Достоевский допускает (пусть теоре­тически), что истина (которая есть вы­ражение высшей справедливости) мо­жет оказаться вне Христа: например, если «арифметика» автоматически до­кажет, что дело обстоит именно так. Но в таком случае сам Христос как бы ока­зывается вне Бога (вернее, вне «ариф­метики», тождественной в данном слу­чае мировому смыслу). И Достоевский предпочитает остаться «с Христом», ес­ли вдруг сама истина не совпадает с идеалом красоты. Это тоже своего ро­да бунт: остаться с человечностью и до­бром, если «истина» по каким-либо при­чинам окажется античеловеческой и не­доброй, И потому «слезинка ребенка» для него более значима, чем «светлое будущее человечества».
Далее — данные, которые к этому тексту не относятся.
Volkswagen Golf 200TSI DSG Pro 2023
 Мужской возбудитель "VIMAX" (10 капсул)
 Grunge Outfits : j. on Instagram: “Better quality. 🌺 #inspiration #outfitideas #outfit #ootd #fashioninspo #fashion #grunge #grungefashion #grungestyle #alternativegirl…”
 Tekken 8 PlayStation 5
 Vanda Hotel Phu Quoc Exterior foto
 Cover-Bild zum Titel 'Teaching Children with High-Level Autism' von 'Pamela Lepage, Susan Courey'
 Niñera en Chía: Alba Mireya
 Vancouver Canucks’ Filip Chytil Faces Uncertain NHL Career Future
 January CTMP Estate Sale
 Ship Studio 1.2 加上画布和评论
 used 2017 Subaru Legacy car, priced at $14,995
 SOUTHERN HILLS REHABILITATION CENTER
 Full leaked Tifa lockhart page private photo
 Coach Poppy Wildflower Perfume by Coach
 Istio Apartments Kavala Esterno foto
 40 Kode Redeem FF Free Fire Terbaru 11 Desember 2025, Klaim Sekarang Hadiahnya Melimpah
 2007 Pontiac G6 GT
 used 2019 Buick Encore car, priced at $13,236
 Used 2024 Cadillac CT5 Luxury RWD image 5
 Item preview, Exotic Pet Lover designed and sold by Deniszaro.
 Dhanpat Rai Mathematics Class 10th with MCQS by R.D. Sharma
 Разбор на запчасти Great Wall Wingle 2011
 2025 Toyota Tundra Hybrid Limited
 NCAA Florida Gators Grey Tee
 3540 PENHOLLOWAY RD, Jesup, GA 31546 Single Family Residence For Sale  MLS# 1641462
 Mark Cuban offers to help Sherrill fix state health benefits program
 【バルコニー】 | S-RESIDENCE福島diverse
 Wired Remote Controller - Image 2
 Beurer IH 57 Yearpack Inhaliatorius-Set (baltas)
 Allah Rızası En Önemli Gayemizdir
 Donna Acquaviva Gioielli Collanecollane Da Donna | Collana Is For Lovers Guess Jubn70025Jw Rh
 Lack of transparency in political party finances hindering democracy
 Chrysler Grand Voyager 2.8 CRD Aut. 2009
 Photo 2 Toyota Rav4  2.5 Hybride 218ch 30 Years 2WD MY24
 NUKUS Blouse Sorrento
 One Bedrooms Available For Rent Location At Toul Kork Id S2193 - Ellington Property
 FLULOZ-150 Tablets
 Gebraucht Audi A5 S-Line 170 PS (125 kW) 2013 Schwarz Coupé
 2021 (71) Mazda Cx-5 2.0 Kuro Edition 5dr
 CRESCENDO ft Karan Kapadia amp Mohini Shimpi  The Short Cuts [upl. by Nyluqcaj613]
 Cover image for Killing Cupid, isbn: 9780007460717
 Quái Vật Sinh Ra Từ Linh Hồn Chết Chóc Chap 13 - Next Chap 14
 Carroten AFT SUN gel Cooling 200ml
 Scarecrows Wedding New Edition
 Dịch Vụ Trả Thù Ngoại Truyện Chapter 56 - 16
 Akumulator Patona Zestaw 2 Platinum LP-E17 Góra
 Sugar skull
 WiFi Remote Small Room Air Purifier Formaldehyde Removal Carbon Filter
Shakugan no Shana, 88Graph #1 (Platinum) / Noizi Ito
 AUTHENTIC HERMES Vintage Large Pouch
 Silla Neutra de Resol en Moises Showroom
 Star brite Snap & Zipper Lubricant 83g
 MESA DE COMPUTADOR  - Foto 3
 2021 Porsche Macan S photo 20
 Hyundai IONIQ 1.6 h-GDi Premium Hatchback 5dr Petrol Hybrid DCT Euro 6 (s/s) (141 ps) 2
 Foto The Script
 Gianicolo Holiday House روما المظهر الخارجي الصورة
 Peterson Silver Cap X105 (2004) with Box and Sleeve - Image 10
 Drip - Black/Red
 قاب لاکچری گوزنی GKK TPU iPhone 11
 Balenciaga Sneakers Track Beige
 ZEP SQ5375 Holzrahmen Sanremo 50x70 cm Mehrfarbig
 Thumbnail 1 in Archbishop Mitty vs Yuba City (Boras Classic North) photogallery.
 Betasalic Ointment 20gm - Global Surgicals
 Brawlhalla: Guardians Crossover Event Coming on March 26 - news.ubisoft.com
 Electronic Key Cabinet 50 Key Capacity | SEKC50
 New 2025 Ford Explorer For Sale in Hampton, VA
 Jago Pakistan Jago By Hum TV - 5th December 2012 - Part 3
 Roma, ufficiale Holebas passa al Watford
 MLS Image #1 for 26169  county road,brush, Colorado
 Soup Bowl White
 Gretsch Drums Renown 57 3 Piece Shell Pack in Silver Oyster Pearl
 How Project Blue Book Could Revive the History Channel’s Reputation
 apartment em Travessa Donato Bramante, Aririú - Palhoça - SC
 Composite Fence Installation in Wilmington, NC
И именно поэтому — в этом гениаль­ность романа Ф. М. Достоевского — как бы параллельно с «вытачиванием казуи­стики» все нарастает, усиливается и на­конец, побеждает опровержение раскольниковской идеи — опровержение душой и духом самого Раскольникова, сердцем, «которое обитель Христа». Это опровержение не логическое, не теоре­тическое, не умственное — это опровер­жение жизнью. Глубочайшая уязвлен­ность ужасом и нелепостью мира родила раскольниковскую идею. Идея породила действие — убийство старухи-процент­щицы, убийство намеренное, и убийство ее служанки Лизаветы — убийство не­преднамеренное. Воплощение идеи привело к еще большему увеличению ужаса и нелепости мира.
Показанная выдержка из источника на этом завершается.